To the Editor:
Since October of 2013, the St. Andrew’s campus has provided urgent care services to hundreds of patients 12 hours a day, every day. By definition, urgent care services provide treatment for medical problems such as an illness or injuries that need attention but are not life-threatening emergencies.
As a physician, I had been growing increasingly concerned about the quality of care that could be provided to our community in such a limited setting and I am convinced that our patients are now receiving the right level of care at the right facility.
Recently we received certificate of need approval from the Department of Health and Human Services authorizing Lincoln County Healthcare to acquire control of Miles Memorial Hospital, St. Andrews Hospital, and Cove’s Edge.
Along with that approval the state requested that LincolnHealth abide by three conditions. We are pleased to adhere to reporting on the status of our final critical access approval and to report on improvements in quality and outcome measures related to certain community services.
We were surprised by the condition that we extend our current 12-hour-a-day status for urgent care to 24 hours a day.
Due to the types of illness and injuries that are seen at an urgent care center, it is extremely rare to be open 24 hours a day – in fact, I am aware of only one such facility in the country and it is located in a large metropolitan area in California.
We anticipate very little to be gained for the community as a result of this requirement. In reality, we believe the negative consequences will far outweigh the benefits and we feel compelled to ask the Department of Health and Human Services to reconsider this condition.

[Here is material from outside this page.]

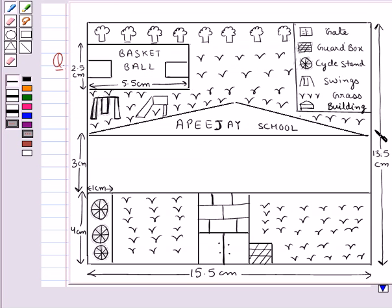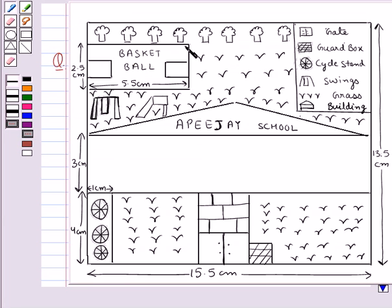As you can see, we have drawn the map of the school compound. This is the main gate of the school area. This is the site or stand. This is the main building. These are the swings. This is the basketball court. And this is the playground.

Keeping the urgent care center open at night will require an enormous amount of money that could be better spent addressing the true medical needs of the community.
While the change would be convenient for a very small number of patients, it would in no way improve the overall health of the community.
In addition, we are concerned that individuals in the Boothbay region may think that emergency care is returning to the St. Andrews campus and that appropriate emergency services may be delayed if they choose to present at the urgent care center instead of calling 911.
Over the past several months we have been talking to our community about their needs and the future of health care. Together we are developing a vision ensuring that we meet the true needs of the community.
On the St. Andrews campus, we have expanded and renovated the wellness and rehabilitation services facility, we have improved primary care by increasing funding for the patient-centered medical home, and we have expanded the wound care center, all while implementing significant price reductions.
I urge you to support us in our request to the state for reconsideration. Let’s continue to work together towards these common community goals and expend our energies toward programs that truly contribute to the health and wellness of our citizens.